A raíz del desbordado aumento del nivel de criminalidad, cada cierto tiempo aparece en la discusión política la necesidad de reinstaurar la pena de muerte como la única respuesta posible de la sociedad en contra de quienes transgreden de forma grave las leyes que rigen a un país: asesinato de niños, violaciones con consecuencia de muerte, actos terroristas, secuestro, tortura y muerte de las víctimas, etcétera.
Últimamente, nuestro país se ha visto enfrentado a diversos actos criminales atroces y nunca antes vistos: personas torturadas y descuartizadas, policías asesinados a mansalva, contratación de sicarios, personas quemadas vivas, entre otros.
A juzgar por las discusiones y debates a favor y en contra, se podría decir que los partidarios de la pena de muerte siguen un concepto ético de la justicia, en tanto que los contrarios a la pena de muerte son partidarios de una postura de carácter utilitarista.
Si reducimos estos dos razonamientos contrapuestos a su mínima expresión, se podrían establecer dos afirmaciones: para unos "la pena de muerte es hacer justicia", para otros "la pena de muerte no es útil".
Los filósofos Immanuel Kant y Friedrich Hegel sostienen en sus escritos una rigurosa teoría retributiva de la pena de muerte y llegan a la conclusión de que ésta es, incluso, un deber de la sociedad. Para Kant la función de la pena de muerte no es prevenir los delitos, sino que, simplemente, hacer justicia y que haya perfecta equivalencia entre el delito cometido y el castigo.

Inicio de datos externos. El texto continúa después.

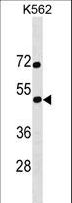 SS18L1 / CREST Antibody - SS18L1 Antibody western blot of K562 cell line lysates (35 ug/lane). The SS18L1 antibody detected the SS18L1 protein (arrow).
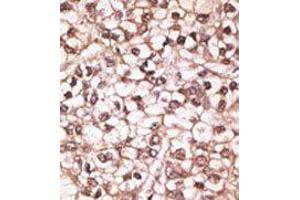 Image no. 2 for anti-ATP-Binding Cassette, Sub-Family B (MDR/TAP), Member 4 (ABCB4) (Center) antibody (ABIN358591)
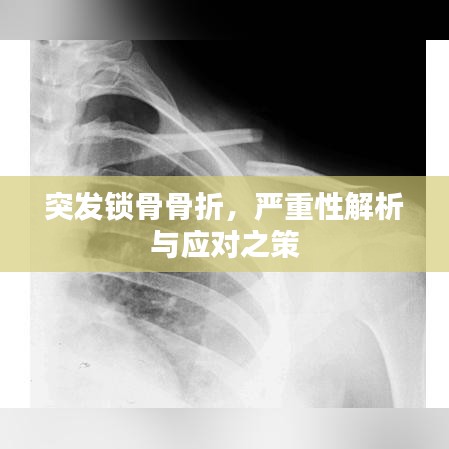 突發鎖骨骨折,嚴重性解析與應對之策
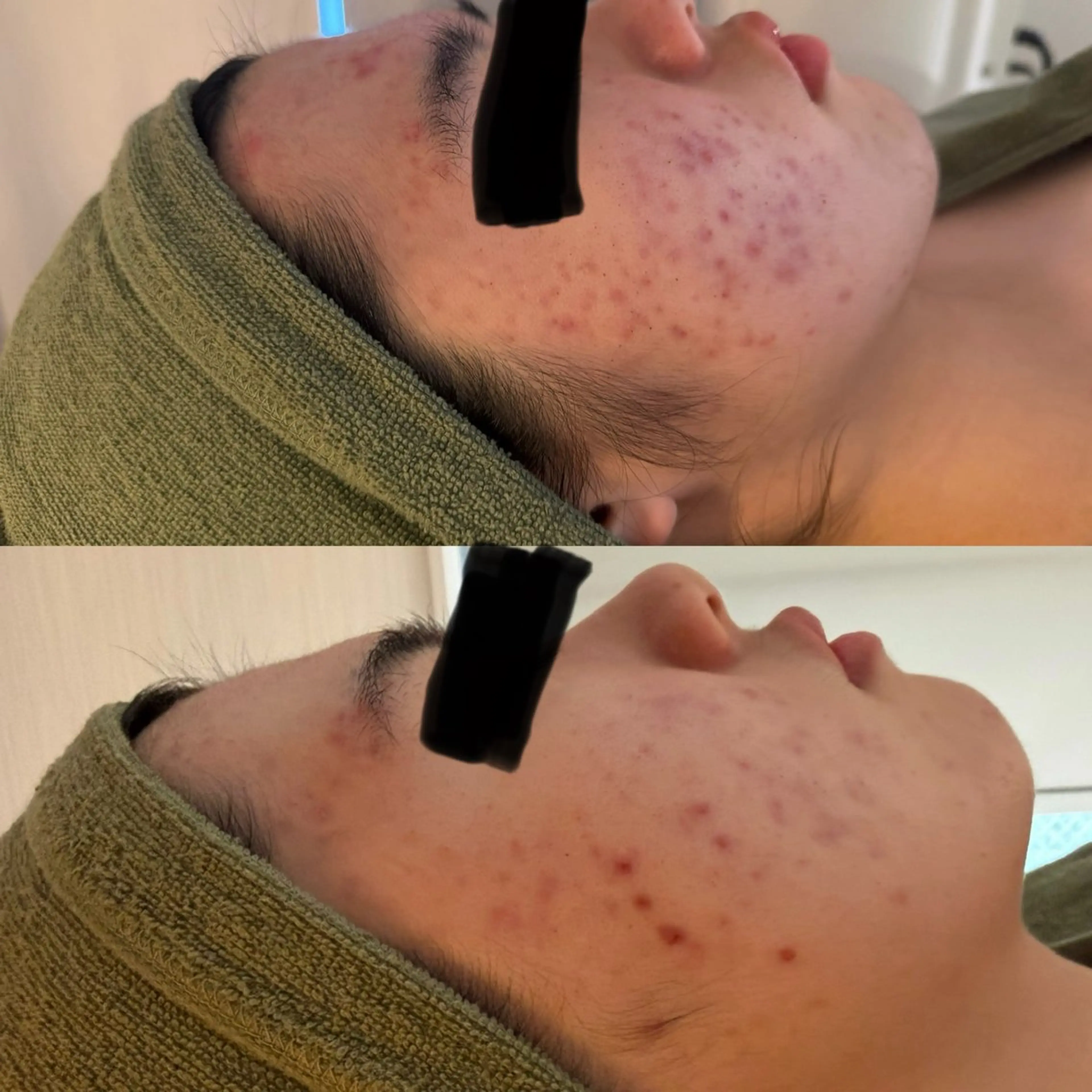 エステ よもぎ蒸しサロンc.iエステティック所属・睡眠の質／体質改善 c.iエステティックのエステ・リラクイメージ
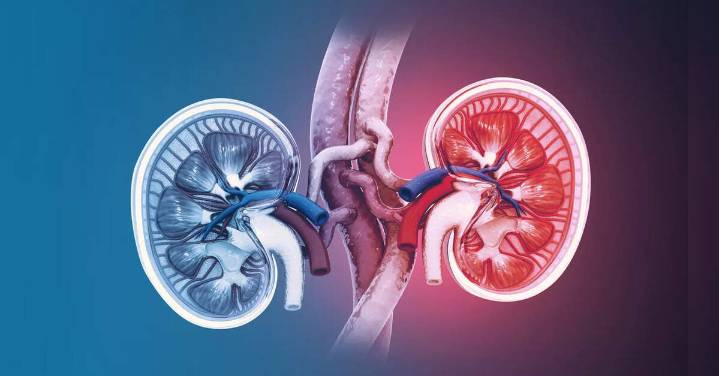 Study projects kidney cancer cases could double in next 25 years globally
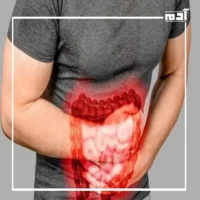 Do you want to treatment IBS?.. Here's the perfect solution 2 Severe IBS symptoms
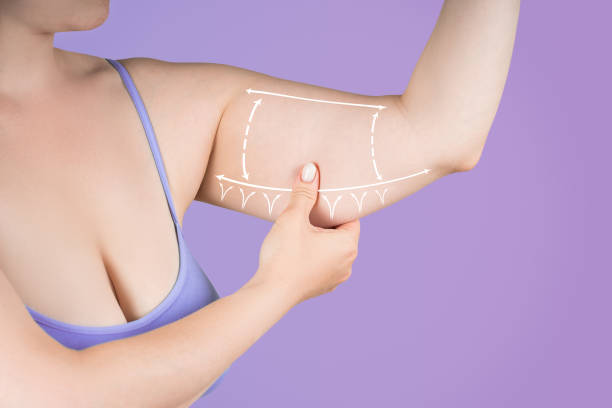 Comprehensive Guide to the Cost of Cosmetic Surgery to Remove Underarm Rolls in Turkey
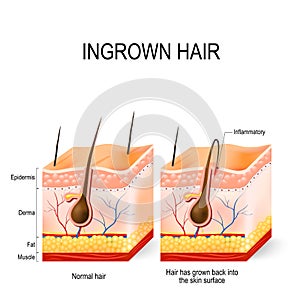 Ingrown hair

Sostiene que el deber de la pena de muerte le corresponde al Estado y sería un "imperativo categórico" y no un imperativo hipotético.
Hegel va más allá y plantea que el delincuente no sólo debe ser castigado con una pena equivalente al delito cometido, sino que tiene que ser castigado con la muerte, porque sólo el castigo lo rescata y lo reconoce como un ser que, alguna vez, fue racional.
Por su parte, los contrarios a la pena de muerte se basan en un principio que se deduce del imperativo moral "No matarás", principio que, en rigor, corresponde al quinto mandamiento del cristianismo. Este principio deja en las víctimas, eso sí, un claro sentimiento de injusticia y no equivalencia entre la atrocidad cometida y la pena impuesta.